A tal proposito, L’Italia sta potenziando il settore droni per la difesa puntando a diventare leader europeo nella produzione e nell’adozione di sistemi a pilotaggio remoto. Il Documento Programmatico Pluriennale ha stanziato 3,2 miliardi di euro destinati alle nuove tecnologie militari difensive e offensive.
Leonardo sta sviluppando i droni “gregari” dei caccia di sesta generazione e ha avviato una stretta collaborazione con la turca Baykar per la produzione di droni destinati al decollo da portaerei e portaelicotteri.
L’esercito sta introducendo sistemi avanzati anti-droni tipo Skynex, costruiti insieme alla tedesca Rheinmetall, e destinati alla protezione delle infrastrutture. Inoltre, l’Italia sta investendo in droni subacquei e marittimi destinati a sorveglianza e difesa. Un insieme di azioni preventive per adeguarsi alle nuove minacce e ridurre la dipendenza da paesi extra europei.

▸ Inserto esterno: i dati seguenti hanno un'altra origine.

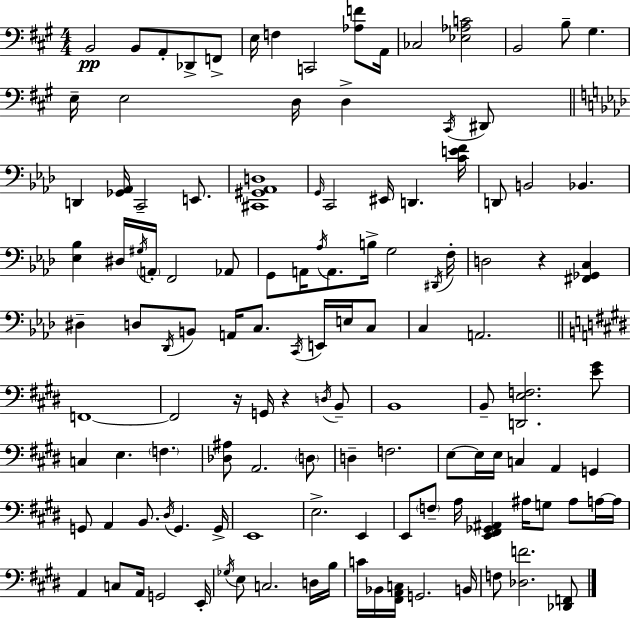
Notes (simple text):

Formazione e Addestramento
Nel 2025, l’Esercito ha formato 1.000 nuovi operatori di droni e ha condotto oltre 200 esercitazioni, integrando droni ad ala fissa e rotante per missioni di vigilanza e reazione. Sul tema, l’esercito organizza “gare” come il “Grand Prix Drone”, per testare e migliorare le abilità dei piloti di droni su terreni operativi e simulazioni di scontro.
Focus su Minidroni e Microdroni
l’impegno è anzitutto verso piccoli droni utilizzabili dalle unità di fanteria per la ricognizione e cruciali per la sicurezza dei soldati, oltre che ai droni kamikaze. Infine servono molti soldati addestrati a usare droni come “strumento base”; unità miste: fanteria + droni + guerra elettronica e cicli decisionali rapidissimi (stile “startup militare”).
…E dopo l’articolo d’informazione, l’autore cerca il perdono con una celebre citazione sulla guerra:
“Le guerre sono fatte da persone che si uccidono senza conoscersi, per gli interessi di persone che si conoscono ma non si uccidono”.